Utilities for jupyter on a slurm cluster.

Project description

Jupyter on a SLURM cluster

You can run a jupyter notebook in your browser from a compute node on the cluster. This way your analysis runs on the file system where your data is, and you can keep data, code and documentation in one place. slurm_jupyter is a script that starts and connects to a jupyter server on compute note and forwards the web display to your local machine. It only works using the Chrome browser.

One-time setup on your local machine

Install Anaconda python your local machine. Say yes when asked if want to install Visual Studio Code.

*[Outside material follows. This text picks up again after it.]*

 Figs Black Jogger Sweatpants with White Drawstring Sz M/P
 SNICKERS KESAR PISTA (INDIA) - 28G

If you are on a Windows machine you also need to tick the box to add Anaconda python to your PATH when prompted.

If you are on a Windows machine, you also need to download and the newest version of Powershell. You find see how to do that on this page under "Installing the MSI package". Now open the newly installed Powershell and run: conda init powershell. Close Powershell and open it again. Now you have access to conda to create environments if you like.

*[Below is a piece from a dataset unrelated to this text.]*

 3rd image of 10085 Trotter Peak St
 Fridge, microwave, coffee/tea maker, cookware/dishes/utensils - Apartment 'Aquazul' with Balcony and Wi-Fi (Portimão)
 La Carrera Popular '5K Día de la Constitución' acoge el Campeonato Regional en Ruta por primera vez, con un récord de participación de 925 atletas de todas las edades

You install slurm-jupyter like this:

conda install -c kaspermunch slurm-jupyter

If you have not done that yet, you need to set up your ssh connection to the cluster so you can connect securely without typing the password every time. First see if you have these two authentication files on your local machine:

~/.ssh/id_rsa
~/.ssh/id_rsa.pub

if not, you generate a pair of authentication keys like this. Do not enter a passphrase when prompted - just press enter:

ssh-keygen -t rsa

Now use ssh to create a directory ~/.ssh on the cluster (assuming your username on the cluster is donald):

ssh donald@login.genome.au.dk mkdir -p .ssh

Finally append the public key on your local machine to the file .ssh/authorized_keys on the cluster and enter the password one last time (replace donald with your cluster user name):

cat ~/.ssh/id_rsa.pub | ssh donald@login.genome.au.dk 'cat >> .ssh/authorized_keys'

From now on you can log into the cluster from your local machine without being prompted for a password.

One-time setup on the cluster

You need to install miniconda if you do not already have Anaconda Python installed in your cluster home dir. Run these commands in your cluster home dir. They will download and install miniconda for you. Say yes when it asks if it should run conda init for you.

wget https://repo.anaconda.com/miniconda/Miniconda3-latest-Linux-x86_64.sh
bash Miniconda3-latest-Linux-x86_64.sh

You need to install jupyter and openssl on the cluster as well as any package you want to use in your jupyter notebooks. Create a conda environment with the most common packages for population genetics (replace monkey with something else):

conda create --name myproject -c anaconda -c conda-forge -c bioconda python=3 biopython jupyter jupyterlab openssl matplotlib mpld3 nbconvert numpy pandas scipy seaborn statsmodels pyfaidx scikit-bio mygene msprime scikit-allel colorama

As a minimum the environment should contain jupyter, jupyterlab, and slurm-jupyter:

conda create --name myproject -c anaconda -c conda-forge -c kaspermunch python=3 jupyter jupyterlab slurm-jupyter

You have to do some configuration of jupyter script to work. slurm-jupyter comes with a shell script that does that for you. Then run it like this:

config-slurm-jupyter.sh

It will ask about a lot of information. You can just press enter for all of them except when prompted for what password you want to use.

Run slurm-jupyter.py

Put slurm_jupyter.py somewhere in your PATH or run it like any other Python script. It has a lot of options that you can see like this:

slurm-jupyter.py --help

If your username on the cluster (eg. donald) is different from that on your local machine, you need to supply the that. You also need to specify an environment to activate on the cluster that has jupyter installed (our monkey environment):

slurm-jupyter.py -u donald -e monkey

To specify that you want 24g of memory and 3 cores, that you want jupyter to run in a conda environment called monkey, and that you want jupyter to run for up to 11 hours before slurm cancels your job, you can execute it like this:

slurm-jupyter.py -u donald -m 24g -c 3 -e monkey -t 11:00:00

When you run slurm-jupyter, it will connect to the cluster and write a script that it submits on the cluster queue. Once that script runs on a compute node, it starts the jupyter server for you. slurm-jupyter then opens connections so it can read the terminal output from jupyter and write it in the teminal of your local macine as it normally happens when you run jupyter. slurm-jupyter. It then forwards a port form the cluster to your local machine so you can see the jupyter web app in your local browser. The last thing it does is to open the Chrome browser and point it to the correct port.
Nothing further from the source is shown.